Write out, from the entries below, exactly the lines that run between the lines holding "vidaXL 7 Piece" and "Prestigious 1.13-Acre Waterfront", inclusive, and stop there.

:: AVAILABLE DATA ::
**********

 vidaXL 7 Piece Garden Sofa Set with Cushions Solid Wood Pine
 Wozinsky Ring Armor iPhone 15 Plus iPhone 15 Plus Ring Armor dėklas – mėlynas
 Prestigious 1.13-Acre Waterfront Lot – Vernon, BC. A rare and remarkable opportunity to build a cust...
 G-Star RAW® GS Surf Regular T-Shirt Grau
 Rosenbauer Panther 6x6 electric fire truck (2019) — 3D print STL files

**********

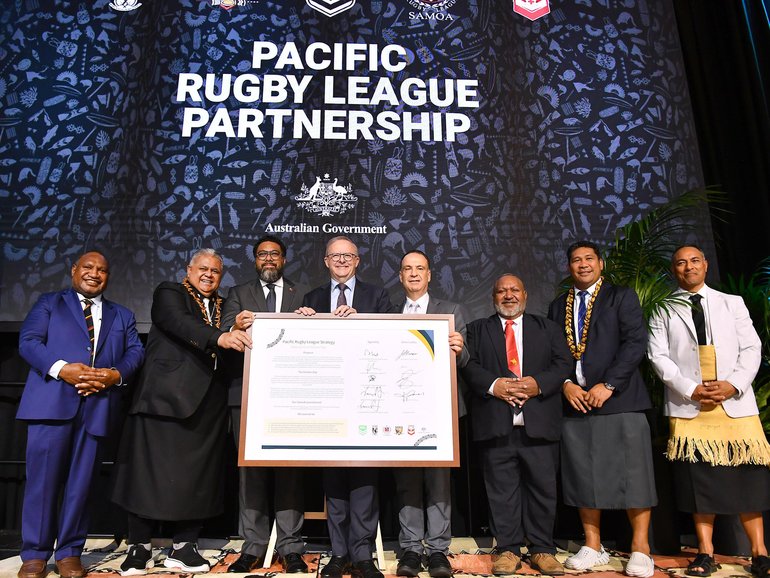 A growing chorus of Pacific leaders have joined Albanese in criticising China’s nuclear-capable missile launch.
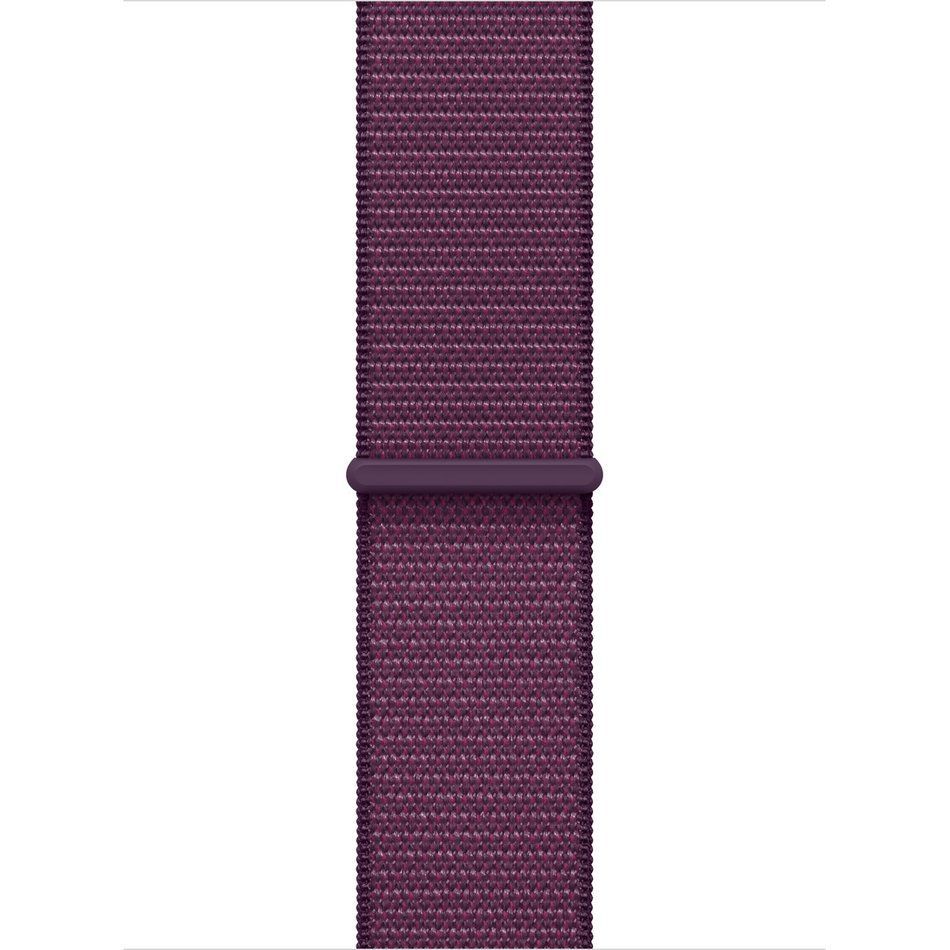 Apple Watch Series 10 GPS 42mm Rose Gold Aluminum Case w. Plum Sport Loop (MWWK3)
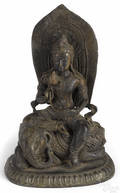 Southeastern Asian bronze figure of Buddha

**********

:: ANSWER SPACE ::
 vidaXL 7 Piece Garden Sofa Set with Cushions Solid Wood Pine
 Wozinsky Ring Armor iPhone 15 Plus iPhone 15 Plus Ring Armor dėklas – mėlynas
 Prestigious 1.13-Acre Waterfront Lot – Vernon, BC. A rare and remarkable opportunity to build a cust...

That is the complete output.